Joe Biden
Biden directed the appropriate federal officials to "to help with immediate needs and long-term rebuilding." Photo by Anna Moneymaker/Getty Images

At least 32 people have died as a result of a violent storm that sparked tornadoes in the southern and midwestern parts of the United States, according to officials and media accounts.

According to the Memphis Police Department, two children and an adult were found dead on Saturday in Memphis, Tennessee, after the storm's strong winds toppled trees onto several homes.

After announcing seven fatalities early on Saturday in McNairy County, Tennessee, authorities announced two more deaths, according to local media.

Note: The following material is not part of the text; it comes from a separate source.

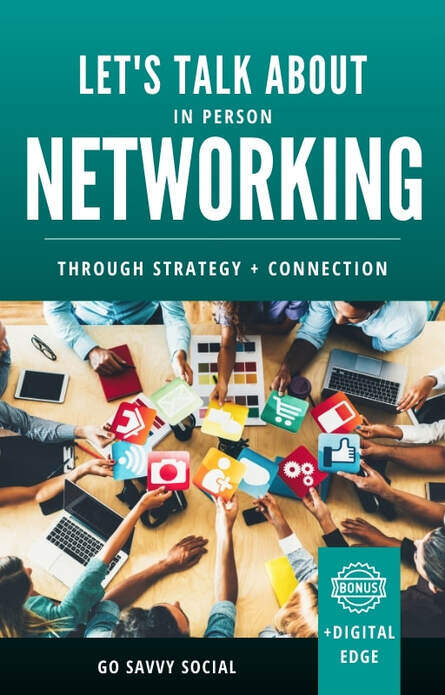 networking-deep networking-deep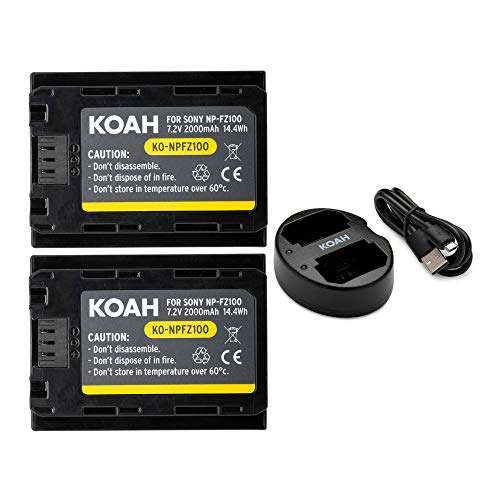 Sony Alpha a7C Full-Frame Compact Mirrorless Camera Body (Silver) Bundle with E-Mount Lens, Battery and Charger, Gadget Bag with Accessory and Cleaning Kit, Software Suite, and Memory Card (6 Items) 4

The Tennessee Department of Health announced on Sunday that three more counties had experienced three new weather-related fatalities, but it gave no further information.

According to the Indiana Department of Natural Resources, a couple's corpses were discovered in Owen County at a campsite in McCormick's Creek State Park.

Earlier reports of 15 more fatalities related to the storm, which produced tornadoes in several locations, came from Arkansas, Illinois, Indiana, Delaware, Mississippi, and Alabama. Numerous structures were damaged or destroyed, and hundreds of people suffered injuries.

On Sunday, American President Joe Biden deemed Arkansas to be in a "major disaster" and ordered federal assistance to aid in the recovery.

"We know families across America are mourning the loss of loved ones, desperately waiting for news of others fighting for their lives, and sorting through the rubble of their homes and businesses," he said.

In a statement released on Sunday afternoon, the president said that he and Jill Biden were praying for those affected by the storms over the weekend.

He also directed the appropriate federal officials to "to help with immediate needs and long-term rebuilding," Reuters reported.

According to the National Storm Prediction Center, severe weather, including very large hail, strong wind gusts, and "a strong tornado or two," was expected on Sunday in areas of north and northeast Texas near Dallas and Fort Worth.

Heavy rain, hail, and strong winds struck Dallas Fort Worth International Airport on Sunday afternoon, resulting in a ground-stop order for a few hours and flight delays.